Bremer Gesundheitsforscher kritisiert unterschiedliche Messlatten des BfArM für Schulmedizin und Homöopathie

Christian Beneker

Interessenkonflikte

3. November 2015

Da treffen Welten aufeinander: Hier die naturwissenschaftliche Schulmedizin, da das ganz andere Paradigma der Homöopathie. Deutlich wird diese Diskrepanz erneut in dem Buch Der Glaube an die Globuli“, das Prof. Dr. Norbert Schmacke soeben mit anderen Autoren herausgegeben hat [1].

Für den Gesundheitswissenschaftler vom Institut für Public Health und Pflegeforschung im Fachbereich Human- und Gesundheitswissenschaften der Universität Bremen ist die homöopathische Medizin ein in sich geschlossenes, unwissenschaftliches System, das sich infolgedessen nicht beweisen lässt. Die homöopathische Medizin ist eine Parallelwelt, die mit Wissenschaftlichkeit nichts zu tun hat, sagt Schmacke gegenüber Medscape Deutschland. Homöopathisch arbeitende Ärzte sehen das natürlich ganz anders.

Globuli gegen Krebs?

Ganz besonders kritikwürdig findet Schmacke die Versprechen mancher Homöopathen, sogar Krebs mit Homöopathika heilen zu können [2]. Wenn man das belegen könnte, wäre das eine Sensation, sagt er. Aber er sei den Zeugnissen solcher angeblichen Heilungen nachgegangen und habe feststellen müssen: Die angeblichen Zeugen haben sich distanziert. Mit Homöopathika Krebs heilen zu wollen, ist absolut indiskutabel."

Um so mehr kritisiert Schmacke, dass das Bundesinstitut für Arzneimittel und Medizinprodukte (BfArM) Homöopathika trotzdem zulässt. Während normalerweise Arzneimittel 3 Phasen von Arzneimittel-Studien durchlaufen müssen, bevor sie zugelassen werden können, gebe es für die Homöopathika auch im BfArM eine Parallelwelt: die Kommisson D.

 
Mit Homöopathika Krebs heilen zu wollen, ist absolut indiskutabel. Prof. Dr. Norbert Schmacke
 

„In der Kommission D sitzen ausschließlich Fachvertreter der Homöopathie und befinden unter sich darüber, welche Medikamente zugelassen werden sollen, kritisiert Schmacke. Der Gesetzgeber legitimiere so die Homöopathie für die Behandlung von Erkrankungen bereits dann, wenn ihre Vertreter dies für ausreichend begründet hielten (Binnenkonsens) und eine entsprechende Nachfrage unter Kranken (Akzeptanz) bestehe.

Auf seriöse Studien wird dagegen verzichtet, so Schmacke.
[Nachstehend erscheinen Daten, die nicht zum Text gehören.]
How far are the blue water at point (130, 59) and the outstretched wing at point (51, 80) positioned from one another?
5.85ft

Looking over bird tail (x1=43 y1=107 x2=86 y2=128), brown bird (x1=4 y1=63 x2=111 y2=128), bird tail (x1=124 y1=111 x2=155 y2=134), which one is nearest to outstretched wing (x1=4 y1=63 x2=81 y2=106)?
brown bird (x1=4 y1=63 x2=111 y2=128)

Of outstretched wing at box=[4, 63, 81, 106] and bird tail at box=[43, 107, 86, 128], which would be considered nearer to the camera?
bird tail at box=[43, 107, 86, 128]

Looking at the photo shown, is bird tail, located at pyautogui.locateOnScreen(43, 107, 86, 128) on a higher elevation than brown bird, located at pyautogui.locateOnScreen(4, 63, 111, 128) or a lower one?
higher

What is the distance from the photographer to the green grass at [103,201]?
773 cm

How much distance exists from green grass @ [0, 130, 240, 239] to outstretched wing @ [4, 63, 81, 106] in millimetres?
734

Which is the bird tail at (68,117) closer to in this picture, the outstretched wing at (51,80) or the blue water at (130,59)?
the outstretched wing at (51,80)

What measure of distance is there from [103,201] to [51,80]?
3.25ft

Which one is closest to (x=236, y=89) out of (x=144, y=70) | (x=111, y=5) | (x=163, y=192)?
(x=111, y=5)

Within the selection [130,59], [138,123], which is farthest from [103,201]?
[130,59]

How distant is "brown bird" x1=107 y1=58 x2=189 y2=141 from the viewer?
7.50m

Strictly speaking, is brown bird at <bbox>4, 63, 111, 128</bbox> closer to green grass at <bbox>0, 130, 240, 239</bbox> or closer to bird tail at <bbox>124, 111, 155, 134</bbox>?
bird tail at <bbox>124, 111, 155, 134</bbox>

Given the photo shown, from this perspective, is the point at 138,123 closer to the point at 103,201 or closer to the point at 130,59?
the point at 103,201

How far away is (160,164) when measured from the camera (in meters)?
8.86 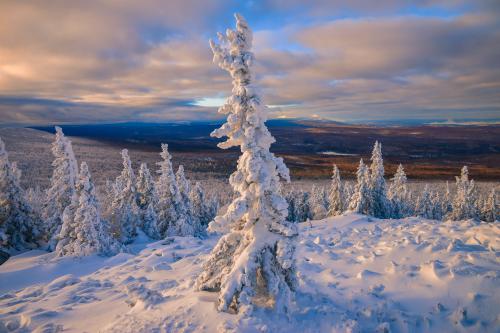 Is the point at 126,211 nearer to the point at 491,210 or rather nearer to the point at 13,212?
the point at 13,212

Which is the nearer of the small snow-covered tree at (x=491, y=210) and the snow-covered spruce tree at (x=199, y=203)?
the snow-covered spruce tree at (x=199, y=203)

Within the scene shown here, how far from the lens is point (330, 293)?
8.80m

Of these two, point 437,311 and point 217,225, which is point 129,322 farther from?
point 437,311

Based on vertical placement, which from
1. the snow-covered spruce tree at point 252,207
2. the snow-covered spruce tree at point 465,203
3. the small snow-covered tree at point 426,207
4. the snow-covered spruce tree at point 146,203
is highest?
the snow-covered spruce tree at point 252,207

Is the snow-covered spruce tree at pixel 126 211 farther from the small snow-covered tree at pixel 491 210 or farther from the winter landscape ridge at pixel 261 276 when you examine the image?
the small snow-covered tree at pixel 491 210

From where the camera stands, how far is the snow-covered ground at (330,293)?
7.04 m

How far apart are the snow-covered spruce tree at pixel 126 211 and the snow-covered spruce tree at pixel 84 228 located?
5770 mm

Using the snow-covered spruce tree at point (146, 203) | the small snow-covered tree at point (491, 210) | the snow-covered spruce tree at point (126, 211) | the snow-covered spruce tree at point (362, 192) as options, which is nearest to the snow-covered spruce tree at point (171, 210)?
the snow-covered spruce tree at point (146, 203)

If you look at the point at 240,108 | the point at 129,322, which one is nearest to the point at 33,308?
the point at 129,322

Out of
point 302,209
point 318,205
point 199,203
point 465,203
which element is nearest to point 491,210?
point 465,203

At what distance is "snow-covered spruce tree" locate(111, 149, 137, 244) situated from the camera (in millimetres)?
25562

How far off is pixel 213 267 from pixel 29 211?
24.5 meters

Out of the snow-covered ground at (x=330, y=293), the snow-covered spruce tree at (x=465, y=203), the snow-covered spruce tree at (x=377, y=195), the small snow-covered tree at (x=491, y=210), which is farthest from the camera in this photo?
the small snow-covered tree at (x=491, y=210)

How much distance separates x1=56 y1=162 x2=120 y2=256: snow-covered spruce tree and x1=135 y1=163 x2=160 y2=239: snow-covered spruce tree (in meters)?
6.37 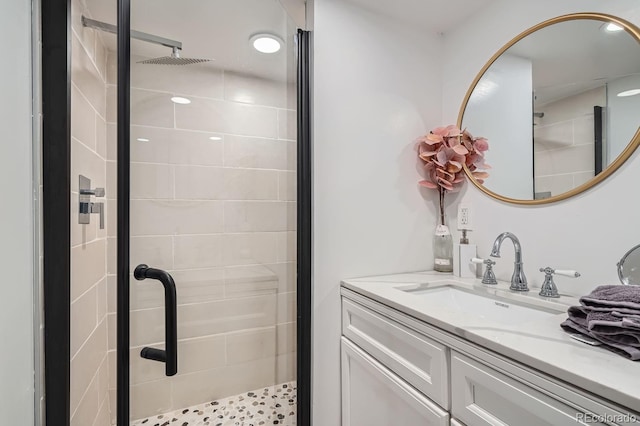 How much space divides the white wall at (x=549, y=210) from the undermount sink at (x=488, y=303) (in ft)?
0.60

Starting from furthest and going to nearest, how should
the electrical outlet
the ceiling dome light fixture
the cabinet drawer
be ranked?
the electrical outlet, the ceiling dome light fixture, the cabinet drawer

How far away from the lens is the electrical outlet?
56.1 inches

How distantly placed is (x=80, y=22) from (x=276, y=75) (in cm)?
68

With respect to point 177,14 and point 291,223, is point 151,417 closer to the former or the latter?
point 291,223

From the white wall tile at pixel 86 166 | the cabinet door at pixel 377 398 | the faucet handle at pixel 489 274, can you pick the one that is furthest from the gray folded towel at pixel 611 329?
the white wall tile at pixel 86 166

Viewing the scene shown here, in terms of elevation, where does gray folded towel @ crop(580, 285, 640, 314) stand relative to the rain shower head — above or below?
below

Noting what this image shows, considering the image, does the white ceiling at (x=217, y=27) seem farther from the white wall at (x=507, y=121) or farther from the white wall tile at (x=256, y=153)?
the white wall at (x=507, y=121)

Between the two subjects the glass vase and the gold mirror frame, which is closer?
the gold mirror frame

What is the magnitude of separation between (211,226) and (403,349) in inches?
30.7

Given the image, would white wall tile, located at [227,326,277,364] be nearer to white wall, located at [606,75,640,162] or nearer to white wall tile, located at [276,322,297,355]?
white wall tile, located at [276,322,297,355]

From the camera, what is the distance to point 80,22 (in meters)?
0.99

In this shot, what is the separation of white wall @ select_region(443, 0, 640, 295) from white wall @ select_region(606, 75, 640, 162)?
63mm

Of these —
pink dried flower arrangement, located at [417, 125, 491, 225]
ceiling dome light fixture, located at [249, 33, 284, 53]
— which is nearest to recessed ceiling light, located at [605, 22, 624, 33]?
pink dried flower arrangement, located at [417, 125, 491, 225]

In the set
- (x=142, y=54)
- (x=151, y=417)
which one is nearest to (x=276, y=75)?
(x=142, y=54) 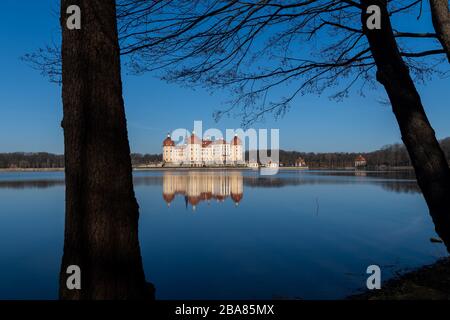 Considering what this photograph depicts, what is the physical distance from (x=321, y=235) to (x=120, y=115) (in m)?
12.3

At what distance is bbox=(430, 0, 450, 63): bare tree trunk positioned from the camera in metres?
3.21

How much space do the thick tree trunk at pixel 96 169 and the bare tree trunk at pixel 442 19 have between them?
297 centimetres

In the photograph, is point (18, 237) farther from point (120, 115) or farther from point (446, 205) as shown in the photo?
point (446, 205)

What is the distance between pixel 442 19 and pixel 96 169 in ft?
11.1

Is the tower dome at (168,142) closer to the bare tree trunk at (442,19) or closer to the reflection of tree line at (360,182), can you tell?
the reflection of tree line at (360,182)

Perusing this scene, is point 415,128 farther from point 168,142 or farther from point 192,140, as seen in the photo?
point 168,142

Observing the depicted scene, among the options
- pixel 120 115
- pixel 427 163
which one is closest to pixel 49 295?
pixel 120 115

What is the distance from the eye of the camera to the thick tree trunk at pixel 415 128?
2953 mm

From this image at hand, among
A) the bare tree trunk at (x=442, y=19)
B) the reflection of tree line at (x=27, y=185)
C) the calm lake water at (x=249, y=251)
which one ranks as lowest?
the reflection of tree line at (x=27, y=185)

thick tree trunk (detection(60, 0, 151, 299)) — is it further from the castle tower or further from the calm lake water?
the castle tower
Damit sind die ethischen Grundprinzipien der Medizin verletzt“, bemängelt er. Praxiserfahrungen von Homöopathen und homöopathisch arbeitenden Hausärzten, die oft als Beleg für die Wirksamkeit der Homöopathie angeführt werden, seien indessen kein Fundament: „Wir brauchen Belege. Aber Belege fehlen. Die Globuli sind wirkungslos.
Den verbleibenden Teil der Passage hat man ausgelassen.